In the material below, find the span from the line with "Dangle Cube" to the line with "1153 Bellview Street, Burlington, ON" and transcribe only those lines, exactly, ends included, without the pictures.

EXCERPTED RECORDS: Begin

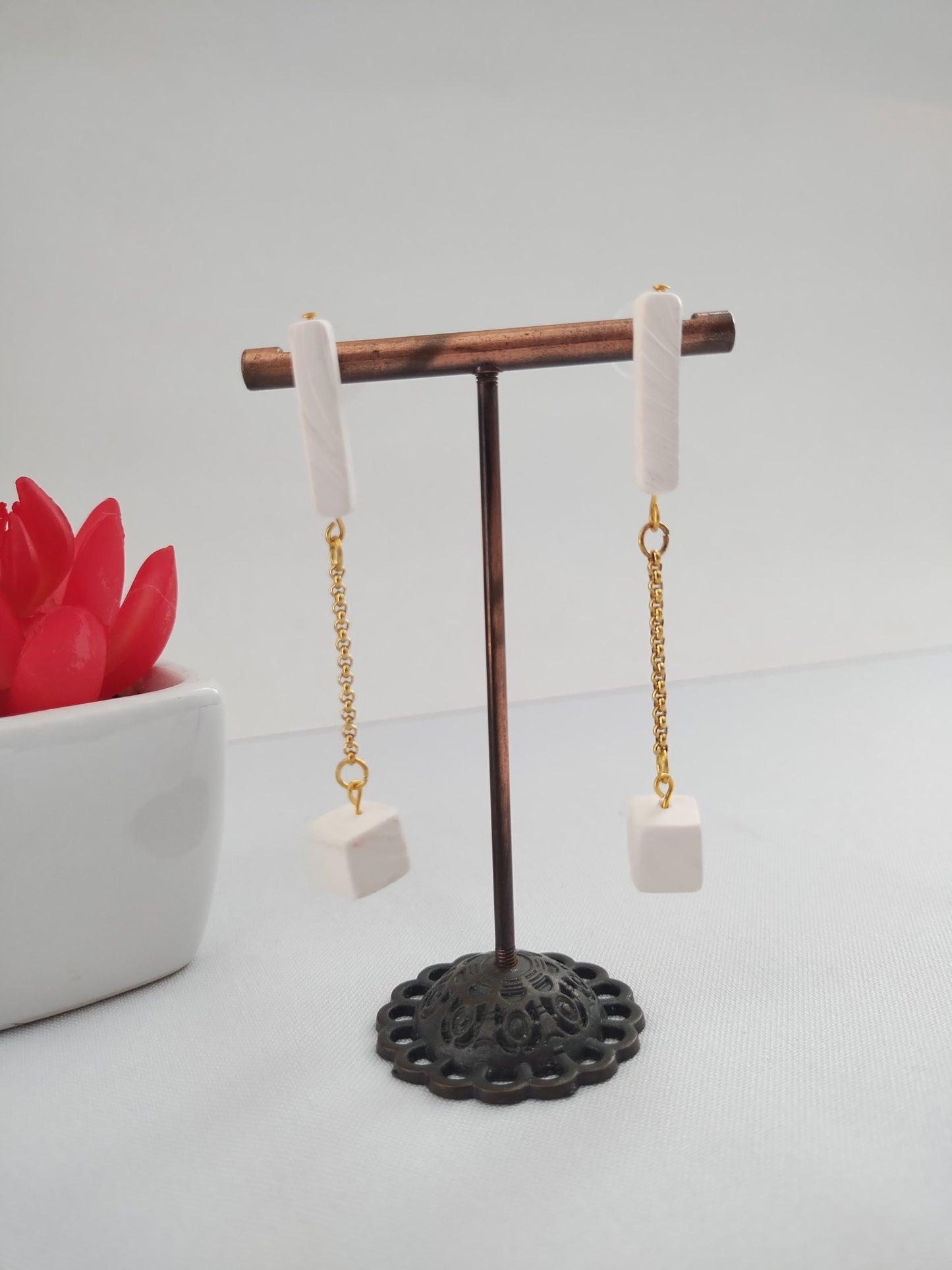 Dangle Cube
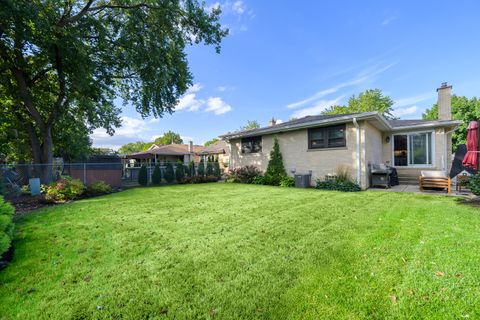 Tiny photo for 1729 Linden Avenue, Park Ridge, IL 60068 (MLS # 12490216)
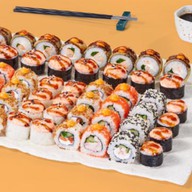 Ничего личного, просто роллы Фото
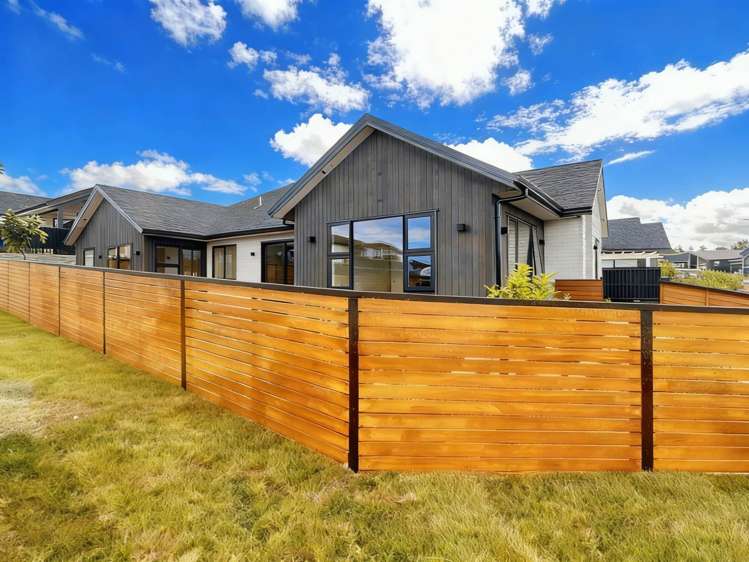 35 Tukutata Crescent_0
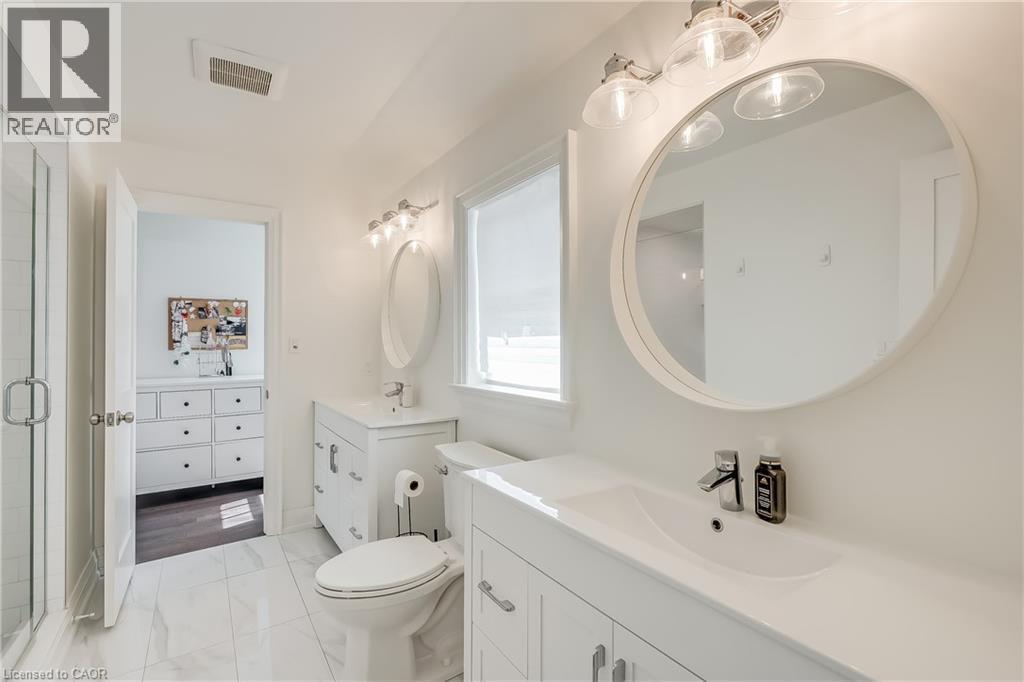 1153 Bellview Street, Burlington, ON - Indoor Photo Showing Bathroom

EXCERPTED RECORDS: End
EXCERPTED RECORDS: Begin

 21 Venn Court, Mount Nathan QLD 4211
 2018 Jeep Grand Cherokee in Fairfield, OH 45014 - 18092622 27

EXCERPTED RECORDS: End
EXCERPTED RECORDS: Begin

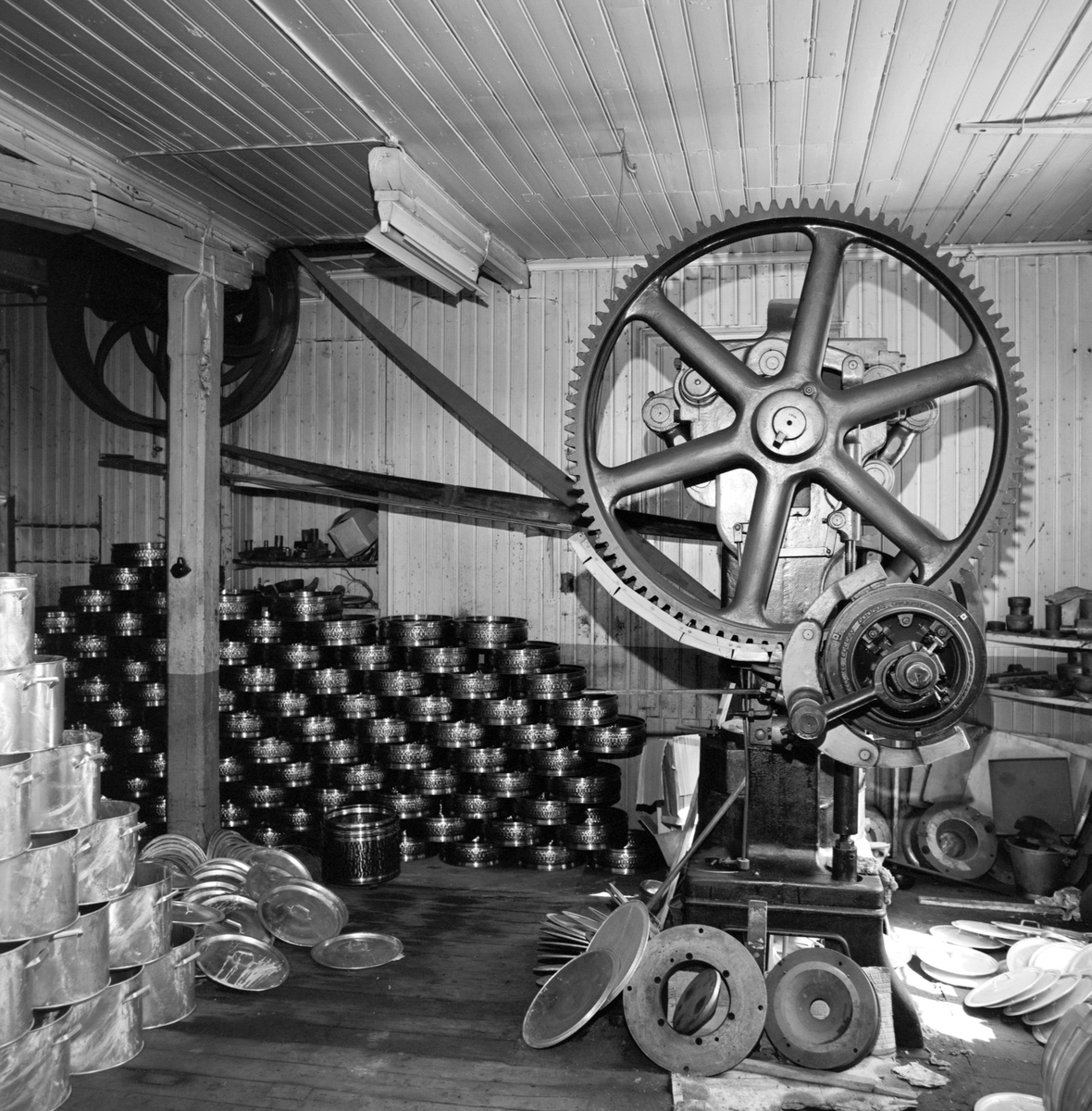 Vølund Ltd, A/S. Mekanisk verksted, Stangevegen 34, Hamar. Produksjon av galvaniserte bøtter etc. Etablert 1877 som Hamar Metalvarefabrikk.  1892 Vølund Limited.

EXCERPTED RECORDS: End

• RESPONSE TO THIS TASK:
 Dangle Cube
 Tiny photo for 1729 Linden Avenue, Park Ridge, IL 60068 (MLS # 12490216)
 Ничего личного, просто роллы Фото
 35 Tukutata Crescent_0
 1153 Bellview Street, Burlington, ON - Indoor Photo Showing Bathroom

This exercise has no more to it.